From my examination of the 60-ton Hoba meteorite, buried in situ
with its enveloping zone of “iron shale,” I am convinced that the
concave and pitted surfaces so commonly shown by iron meteorites
are the result of subsequent weathering rather than of burning dur-
ing the brief flight through the atmosphere. This pitting is no doubt
due to the decomposition of the particles of troilite (FeS) scattered
through the iron. The surface of the Henbury irons, with a skin of
glazed limonite, is quite different from that of the few iron meteorites
which have been actually observed to fall.
The presence of the “iron shale ” supports Mr. Alderman’s conclu-
sion that the fall of the meteorite took place ages ago. Mr. R.
Bedford is, however, of the opinion that the fall is comparatively
recent. On his return journey he interviewed, at Oodnadatta, Mr.
J. M. Mitchell, a local prospector, who had known of the masses of
iron 12 years ago. Mr. Mitchell asserted that the old blacks would
not camp within a couple of miles of the place, and that they called
it “chindu chinna waru chingi yabu,” meaning “sun walk fire devil
rock.”
An etched section of the iron shows well-marked Widmanstitten
figures of the medium octahedrite type. Besides kamacite, taenite,
und plessite, there are a few minute specks of troilite. The kamacite
bands, instead of being straight, are wavy and in places much curved
and distorted. During the process of etching no straight and definite
Neumann lines were detected, but the kamacite bands are marked by
wavy lines and an irregular network of cracks.

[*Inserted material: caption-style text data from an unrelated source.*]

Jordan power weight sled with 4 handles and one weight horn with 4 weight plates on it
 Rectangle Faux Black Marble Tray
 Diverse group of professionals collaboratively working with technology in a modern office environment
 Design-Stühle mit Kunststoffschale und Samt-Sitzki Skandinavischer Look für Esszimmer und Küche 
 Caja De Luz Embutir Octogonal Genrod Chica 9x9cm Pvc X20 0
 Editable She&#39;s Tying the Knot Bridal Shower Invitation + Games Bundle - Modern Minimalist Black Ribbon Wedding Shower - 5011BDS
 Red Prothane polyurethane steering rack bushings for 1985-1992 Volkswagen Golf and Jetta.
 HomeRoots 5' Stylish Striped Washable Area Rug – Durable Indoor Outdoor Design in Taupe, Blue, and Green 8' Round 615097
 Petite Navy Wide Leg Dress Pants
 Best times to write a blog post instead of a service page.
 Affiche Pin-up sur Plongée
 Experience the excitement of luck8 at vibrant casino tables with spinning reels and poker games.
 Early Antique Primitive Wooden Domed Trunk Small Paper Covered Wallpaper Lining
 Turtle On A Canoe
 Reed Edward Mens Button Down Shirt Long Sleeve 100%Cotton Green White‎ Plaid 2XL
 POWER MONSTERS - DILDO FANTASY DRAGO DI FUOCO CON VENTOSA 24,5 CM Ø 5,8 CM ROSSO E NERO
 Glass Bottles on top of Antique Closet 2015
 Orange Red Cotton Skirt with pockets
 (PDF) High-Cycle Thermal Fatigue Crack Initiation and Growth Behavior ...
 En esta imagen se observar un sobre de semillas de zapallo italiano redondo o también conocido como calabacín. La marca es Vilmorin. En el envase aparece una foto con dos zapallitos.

This would indicate
a disruption of the mass, which may have taken place at the time of
fall or at some earlier period.
Mr. Alderman’s paper is a valuable contribution to the scanty
knowledge of the problematical meteorite craters; and in the case he
describes the association of meteorites with the craters could scarcely
be fortuitous. Meteorite fragments have been also found around the
single craters of Canyon Diablo (Arizona) and Odessa (Texas), but
none near the craters of Tunguska (Siberia) and Kaali (Esthonia).°
Around the 60-ton Hoba (Southwest Africa), the largest known
meteorite, there is no sign of a crater.
® Min. Abstr., vol. 4, pp. 427-428, 1931; vol. 5, pp. 16-17, 1932.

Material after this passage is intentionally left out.